This cannot be my life. There were 40 amazing, talented and dedicated applicants. Out of them, I was chosen to be among twelve great women that are ready to do the work and take names later.
The process to apply really happened for me at the last minute. PWN kept announcing it and then someoine mentioned in an email non-related to this that they hadn't seen an application come in from me yet. I was stunned and kind of laughed it off. I was scared to make the time committment because SERO is my priority and while I knew that these two opportunities would go hand in hand, I didn't want to stretch myself too thin. Then another PWNer mentioned to me in passing that she thought I should apply. She said, "Don't think about it, just do it." So, that's exactly what I did.
I told myself, if this is meant for me, then it will be. This year whenever I have been nervous or apprehensive about taking a leap of faith, I look up at my vision board to remind myself how confident and inspired I was when I made it. The entire right side of my vision board has phrases like, "Leading woman", "StrongHer", "She's the Boss", "Build Your Dream", "Nothing For Us Without Us", "I am Enough" and images of Michelle Obama, Janelle Monae and I even put a image of myself standing among them because I stand on the shoulders of greatness. Looking at that board told me that I could accomplish something great with this fellowship. I don't know what that is yet, but I know I will be prepared to try.
I hit send on the application and didn't give it another thought.
Until I received an email asking me to prepare for a video interview.
A what, now?
My luck, this would be me...
However, I knew and was comfortable with my interviewers Arneta and Cammie. They asked me questions that made me dig deeper to my WHY I wanted to be a part of the fellowship, what my plans were for my future with the training I'd be given and other questions that helped me own my truth about how little I knew about policy work, but how much I knew this fellowship would not just help me but my community. I plan to bring all the knowledge I gain to others.

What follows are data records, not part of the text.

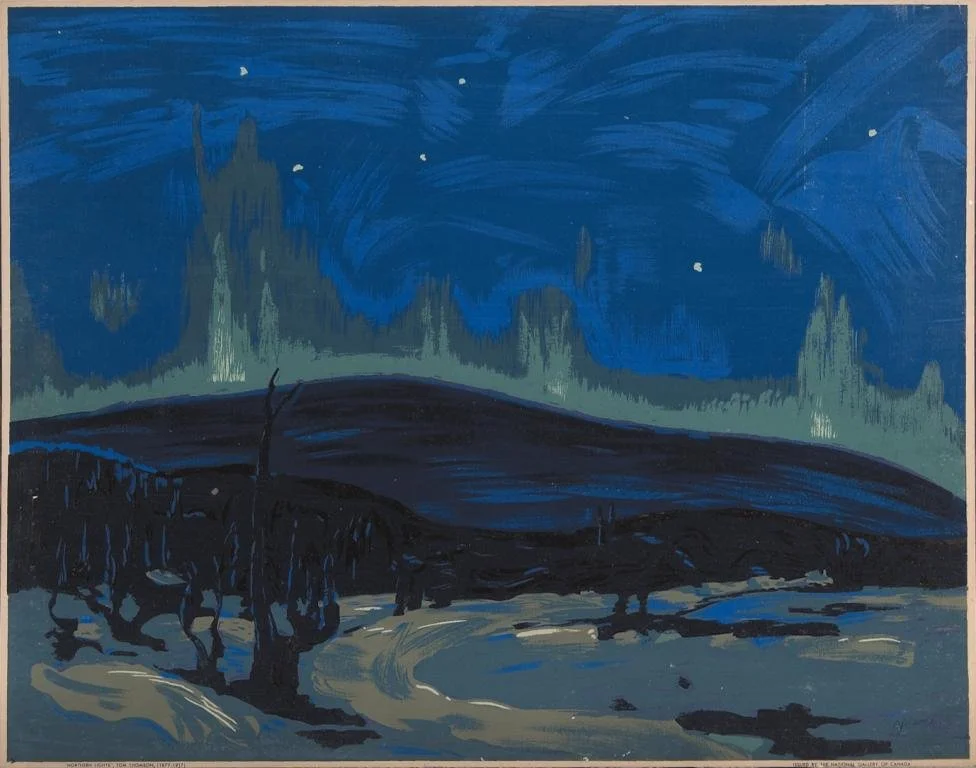 Night landscape with a dark terrain and trees in the foreground, a winding path, and an aurora borealis with stars in the sky.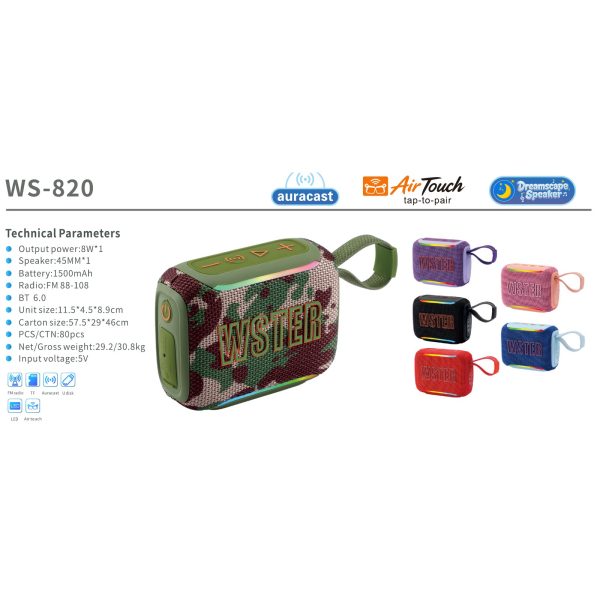 WSTER WS-820 katalog spetsifikatsiya kartasi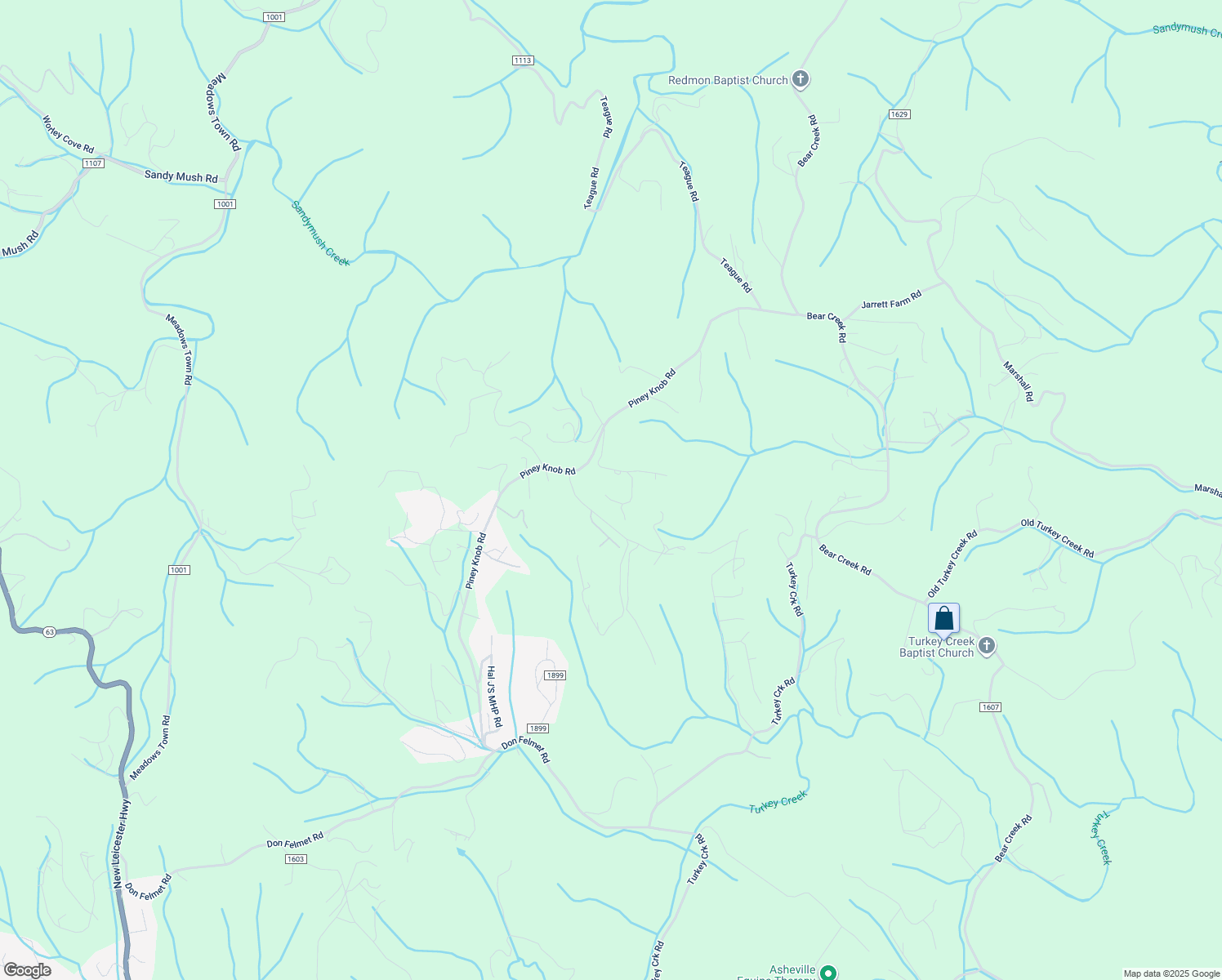 map of restaurants, bars, coffee shops, grocery stores, and more near Piney Knob Road in Marshall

After the interview, again I put it out of my head beacuse I didn't want to stress too much about it, but inside I really was on pins and needles to know who was selected.

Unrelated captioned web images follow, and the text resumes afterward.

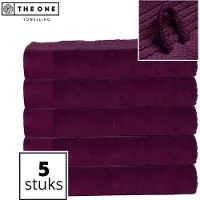 The One Towelling Classic Strandlakens - 100 x 180 cm - 5 Stuks - Voordeelverpakking - Hoge vochtopname - 100% Gekamd katoen - Pruim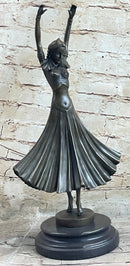 Art Deco Chiparus Russian Dancer Hands Raised Bronze Statue Sculpture Figure Marble Base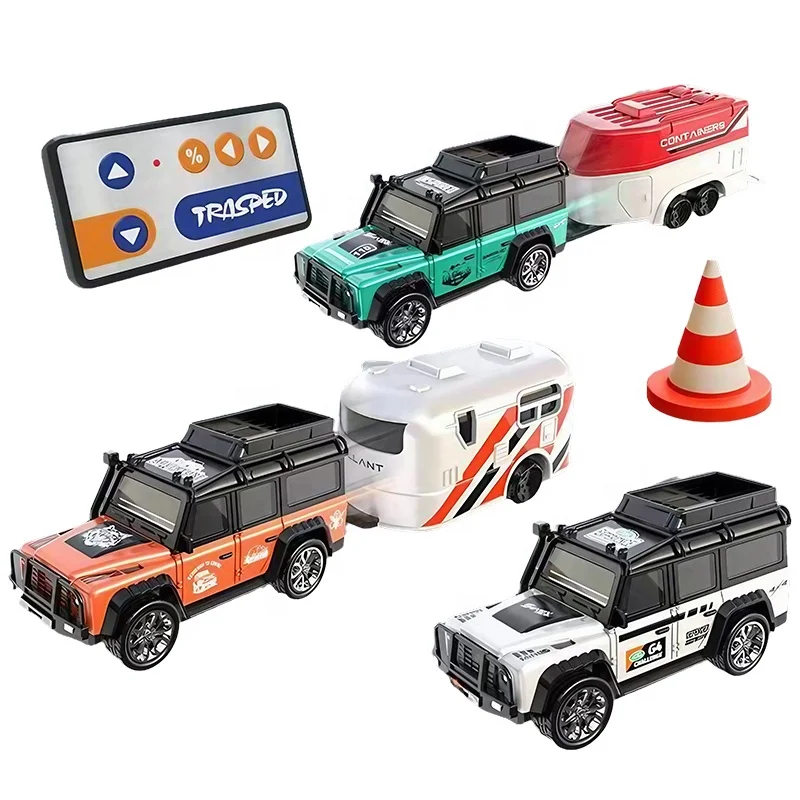 1 64 Scale Trailer Vehicle Toy Micro 2.4G Diecast Alloy Body Simulation Remote Control Mini RC Tow Truck Birthday Gift For Kids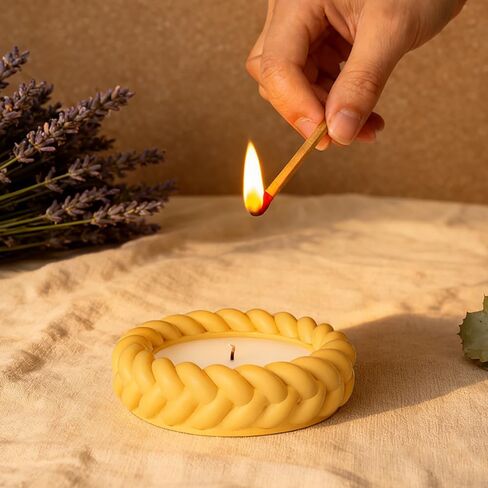 3D Woven Rope Resin Candle Holder Mold Silicone Coaster Molds for Resin Tray Mold Cute Knot Silicone Concrete Molds for Crafts DIY Jewelry Plate Plaster Coaster Candle Jar Mould Home Decorations in Saudi Arabia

And then, that beautiful day came when I got the email and I screamed with joy and felt all warm inside. The next question was...who else is going to be in this inaugural team? I'm looking forward to working with the amazing 12, getting to know those that I haven't met before and work with those who's reputation I've admired from afar. I can't believe I'm a PWN Policy Fellow. You can meet the others here.
We are also assigned a coach and by coach, I mean Rock Stars of policy and advocacy work. Suraj Madoori, Kathie M. Hiers, Jessica Terlikowski, and my coach, Kimberly Miller are all people I want to be like when I grow up. With their expertise, committment and resources each participant in this fellowship will be equipped to do just that.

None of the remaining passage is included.